**ACTION ITEM**
The listing below begins with the first line you should copy; stop after the line containing "Electronic lap counter by Carrera", and drop every picture.

**EXTRACTED INFORMATION**

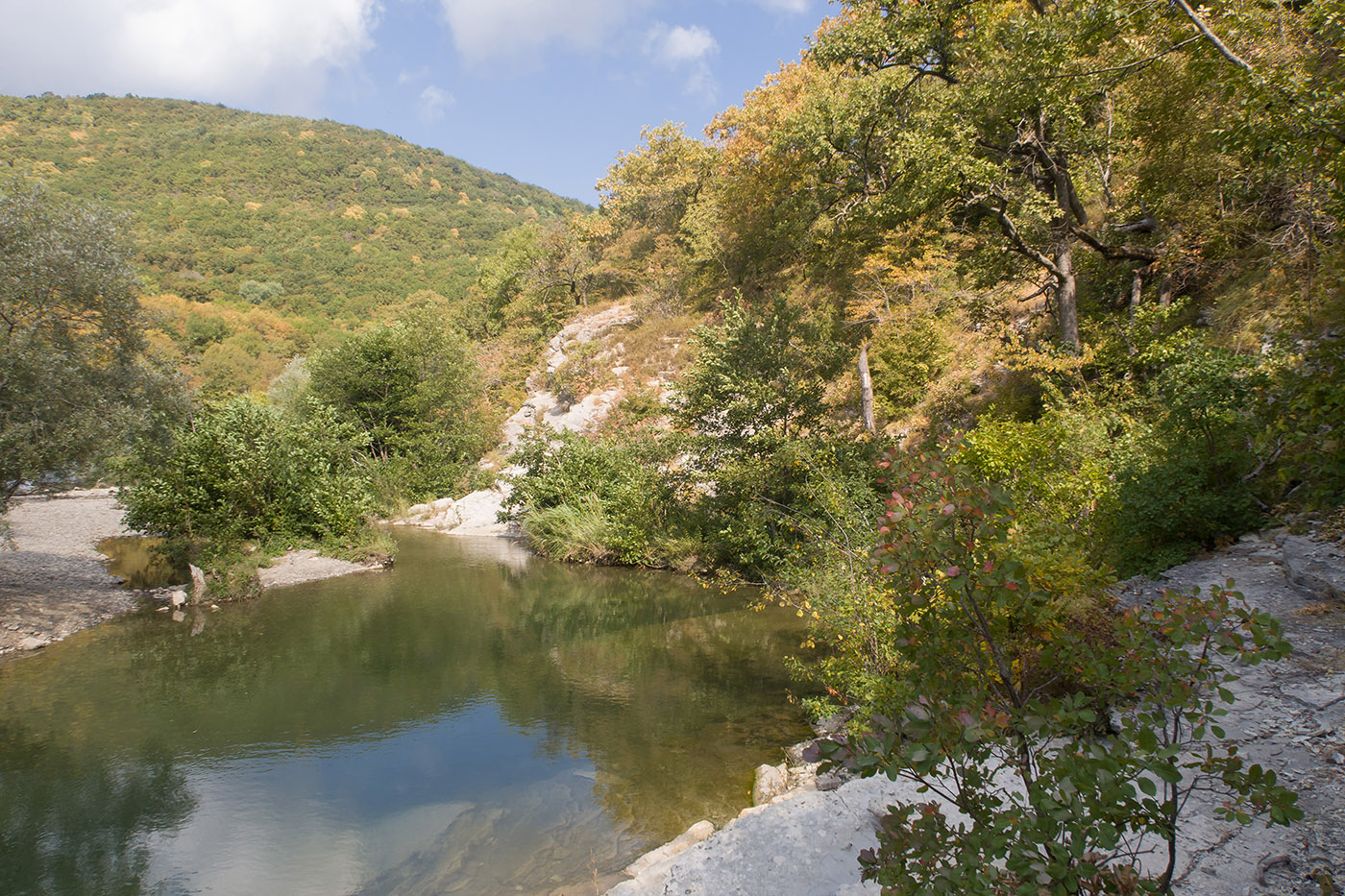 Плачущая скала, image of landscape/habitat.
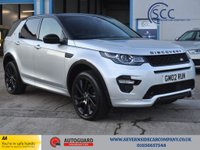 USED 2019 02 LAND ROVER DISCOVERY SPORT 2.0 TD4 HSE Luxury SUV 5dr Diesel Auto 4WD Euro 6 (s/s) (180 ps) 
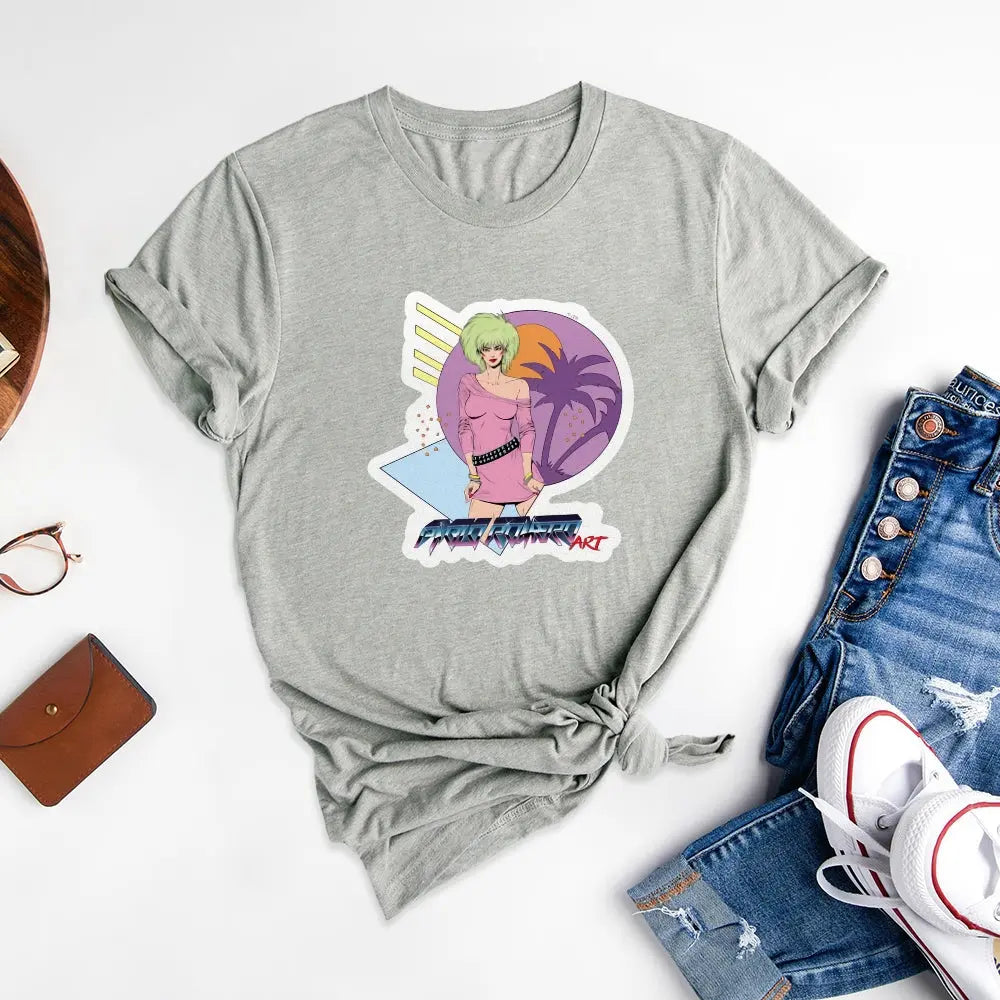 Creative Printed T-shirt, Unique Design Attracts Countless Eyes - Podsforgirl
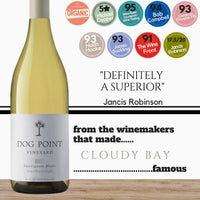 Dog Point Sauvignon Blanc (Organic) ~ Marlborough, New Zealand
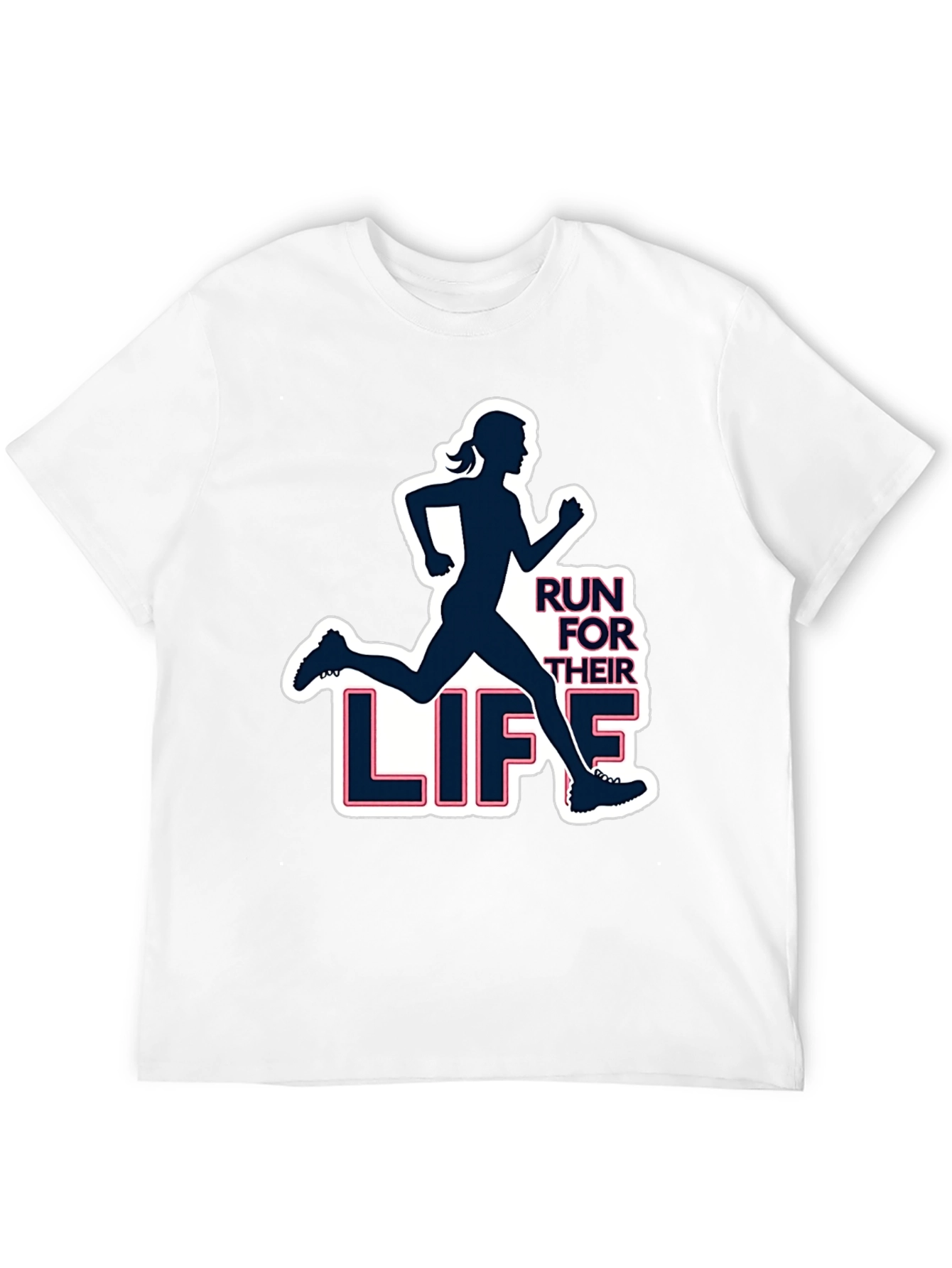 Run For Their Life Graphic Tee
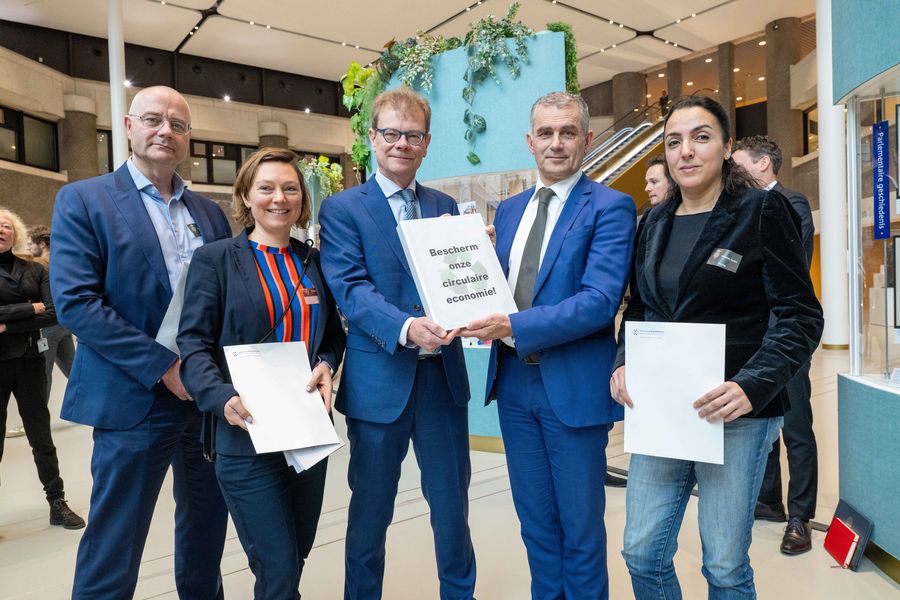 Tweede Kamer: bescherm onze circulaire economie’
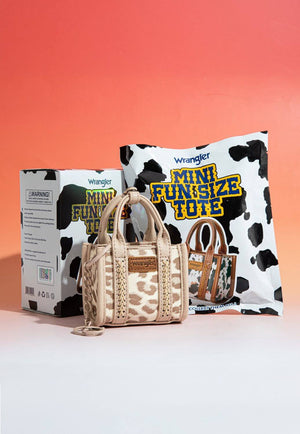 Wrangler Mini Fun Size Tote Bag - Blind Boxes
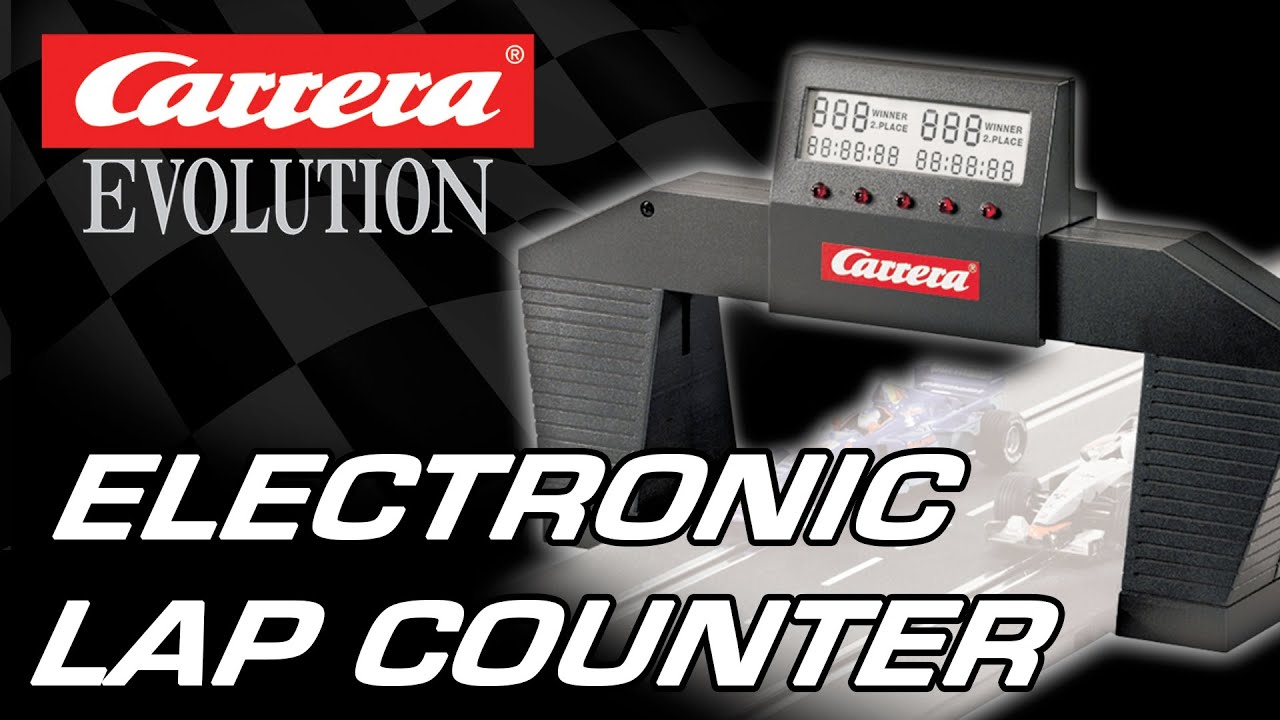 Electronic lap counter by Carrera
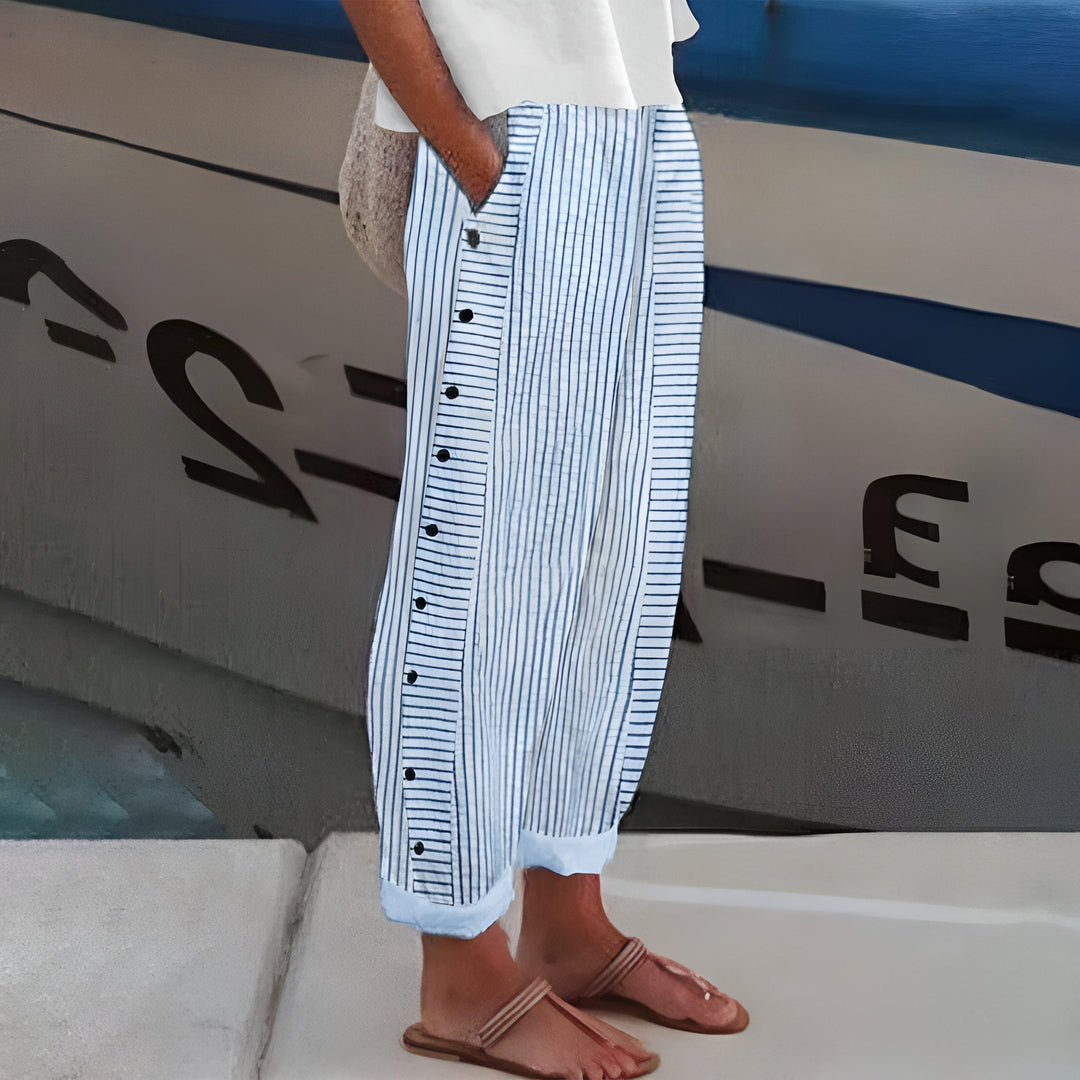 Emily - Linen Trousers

**FINAL ANSWER**
 Плачущая скала, image of landscape/habitat.
 USED 2019 02 LAND ROVER DISCOVERY SPORT 2.0 TD4 HSE Luxury SUV 5dr Diesel Auto 4WD Euro 6 (s/s) (180 ps) 
 Creative Printed T-shirt, Unique Design Attracts Countless Eyes - Podsforgirl
 Dog Point Sauvignon Blanc (Organic) ~ Marlborough, New Zealand
 Run For Their Life Graphic Tee
 Tweede Kamer: bescherm onze circulaire economie’
 Wrangler Mini Fun Size Tote Bag - Blind Boxes
 Electronic lap counter by Carrera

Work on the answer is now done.